Granted, this is a difficult concept. After all, everything that the Almighty has created, He has created is to manifest His glory. This includes garbage. Since it is G-d’s will that the Jewish People worship Him and rebuild their Statehood on the foundations of the Torah, can it be that He has servants working in an opposite manner creating mountains of garbage which counteract everything the Master has decreed? How can He allow all of this trash?

To explain this paradox, the Zohar teaches, in the famous parable of the harlot, that the purpose of evil is to bring forth the will of G-d. While the king wants his son to live a moral life and not succumb to temptation, he secretly hires a harlot and instructs her to seduce his son, in order to test his obedience to his father’s teachings. To resist her wiles and charms, the prince has to summon all of his inner resources and strengths. When he succeeds, the king grants him the highest of prizes and honors. Now who caused all of this grandeur to come to the prince? The harlot! (Zohar, Shemot, 163A).

Just as each one of us is called upon to conquer our evil inclinations in our personal lives, we, as a nation, are also summoned to separate the holy from the garbage in our national lives as well. This is the process of “birur” or selection that the Jewish Nation is experiencing today.
It's our job to separate the peel from the fruit.
This estrangement from our own holy sources is but a passing illness.

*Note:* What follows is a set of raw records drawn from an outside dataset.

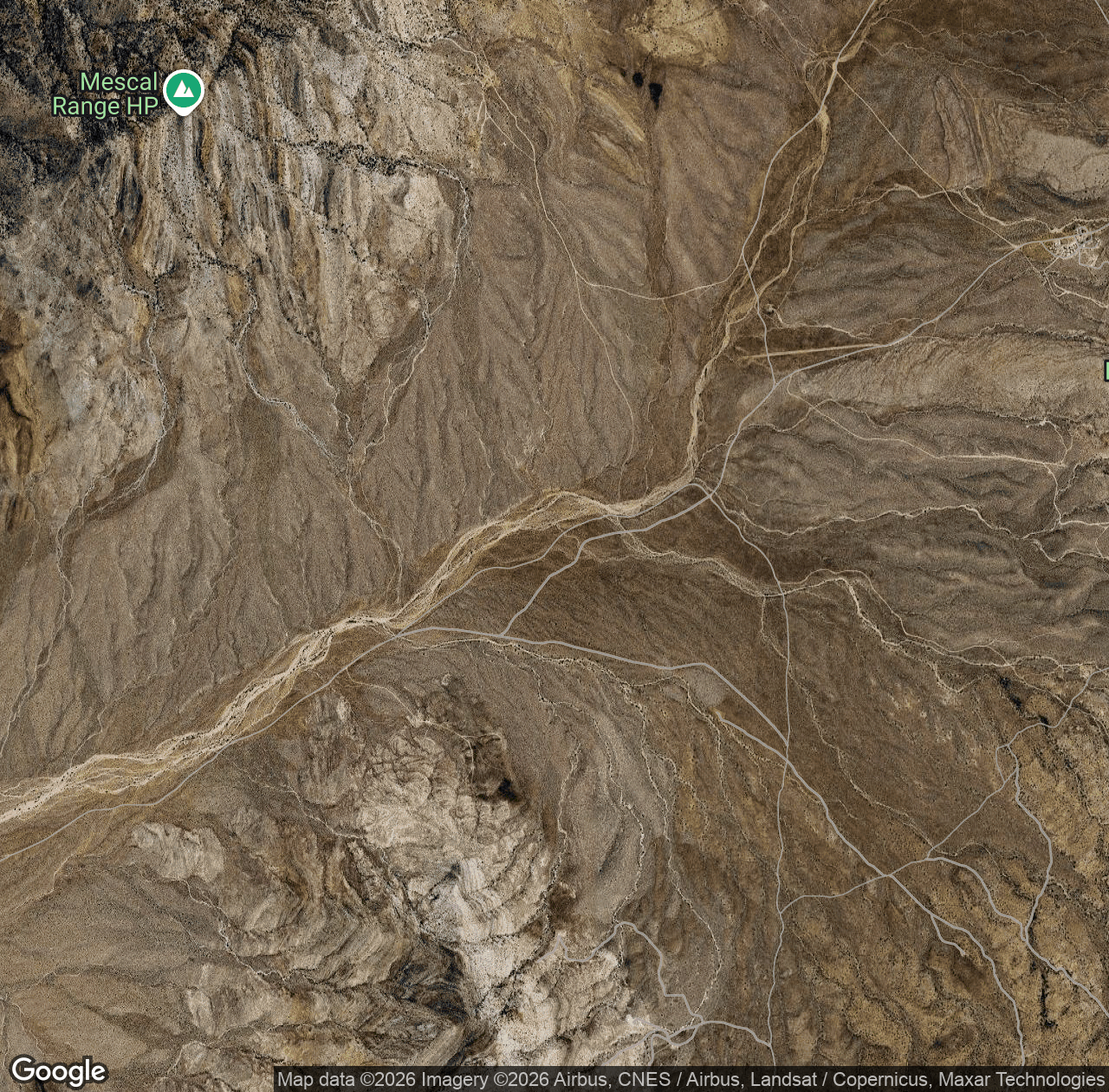 Zinc Mine Road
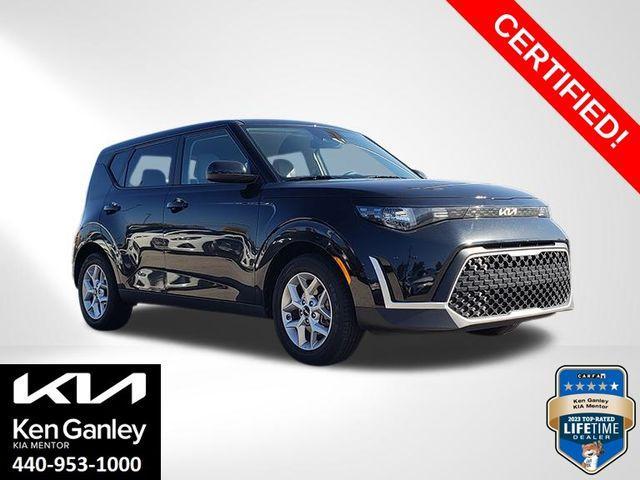 used 2023 Kia Soul car, priced at $18,247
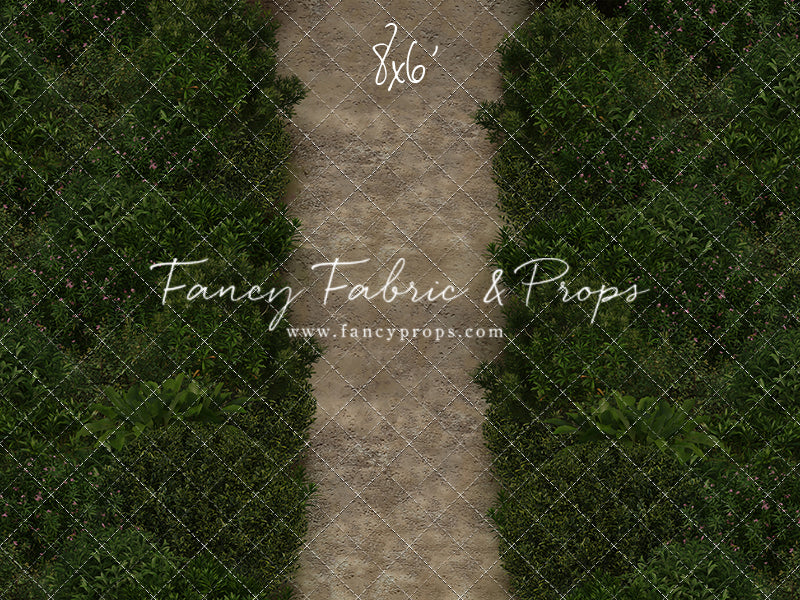 Rapunzel's Tower Path Mat Floor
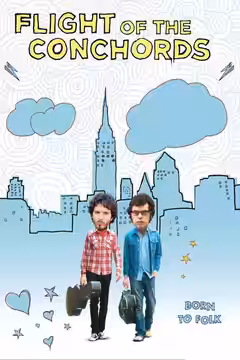 Flight of the Conchords poster 3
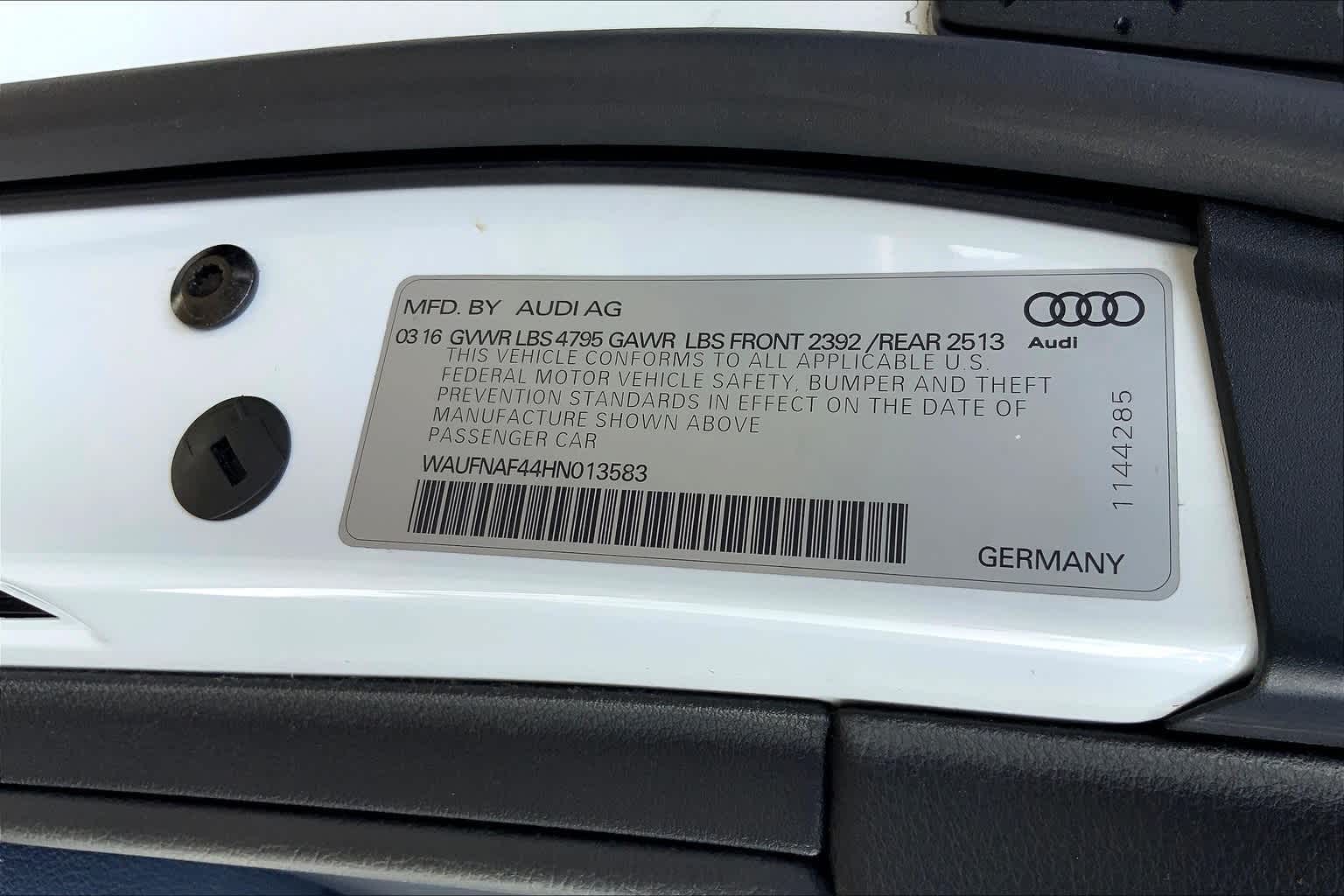 2017 Audi A4 Premium 20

After two thousand years of exile among the nations of the world, we have returned to Eretz Yisrael to build our own unique Jewish State. But when we come back from our wanderings, our luggage is filled with both good things and bad. We have learned about socialism, and communism, capitalism, and democracy. In our school of hard knocks, we have learned how to be writers, scientists, statesmen, and soldiers. In the long school of galut, we have absorbed gentile concepts, corrupt dealings, and heretical teachings as well. It is our job to sift out the good from the bad and to re-establish our nation on the basis of Torah. The more garbage that there is, the harder each one of us has to work. The darker the husks, the more we have to strive to increase Torah in order to spread its light. Just as the dregs serve to preserve a fine wine, so does the existence of the wicked force the champions of spirituality and goodness to climb to greater heights, until they can reveal the glorious, universal, transcendental, Divine “ism” of Judaism, the paucity of which led to the spiritual rebellion and heresy of the past. In a nutshell, the more corruption, immorality, and evil, the holier we all have to be.

Rabbi Kook writes that although holiness, goodness, and faith will seem to suffer and weaken in the early stages of nation building, this is in reality the stimulus for the magnificent ascent that follows. “For after the decay of the refuse, the light of splendor and holiness will immediately begin to grow on healthy holy foundations” (Orot HaTechiya, 52).
But to bring about this world perfecting rectification, you have to be engaged in the battle. If you want to participate in the Redemption, you can’t sit on the sidelines, watching from thousands of miles away, afraid to get dirty.
Watching from the sidelines
You can't do the Divine work of selection by keeping away from the garbage. You have to buckle on your boots, grab your buckets and brooms, and climb onto the dump with the rest of us here. The garbage is waiting for you. And also an incredible, indescribable good. If you come with a willing heart and a firm trust in G-d, then you won’t even notice the smell on your shoes. I promise.